如何在不使用“ |”的情况下将两组连接在一起

Assume that S and T are assigned sets. Without using the join operator |, how can I find the union of the two sets? This, for example, finds the intersection:

S = {1, 2, 3, 4}
T = {3, 4, 5, 6}
S_intersect_T = { i for i in S if i in T }

So how can I find the union of two sets in one line without using |?

You can use union method for sets: set.union(other_set)
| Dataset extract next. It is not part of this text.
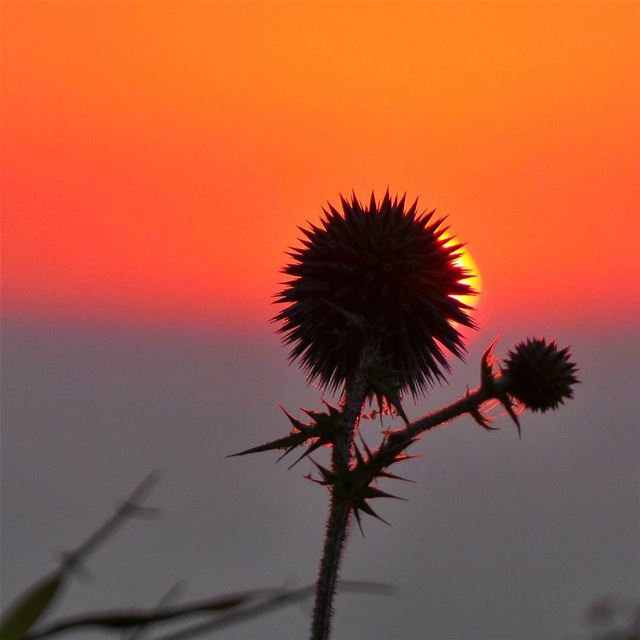 Enjoy every sunset ❤--------------------------------- nikontop_ ... (Baakline, Mont-Liban, Lebanon)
Note that it returns a new set i.e it doesn’t modify itself.

You could use or_ alias:

>>> from operator import or_
>>> from functools import reduce # python3 required
>>> reduce(or_, [{1, 2, 3, 4}, {3, 4, 5, 6}])
set([1, 2, 3, 4, 5, 6])

If you are fine with modifying the original set (which you may want to do in some cases), you can use set.update():

S.update(T)

The return value is None, but S will be updated to be the union of the original S and T.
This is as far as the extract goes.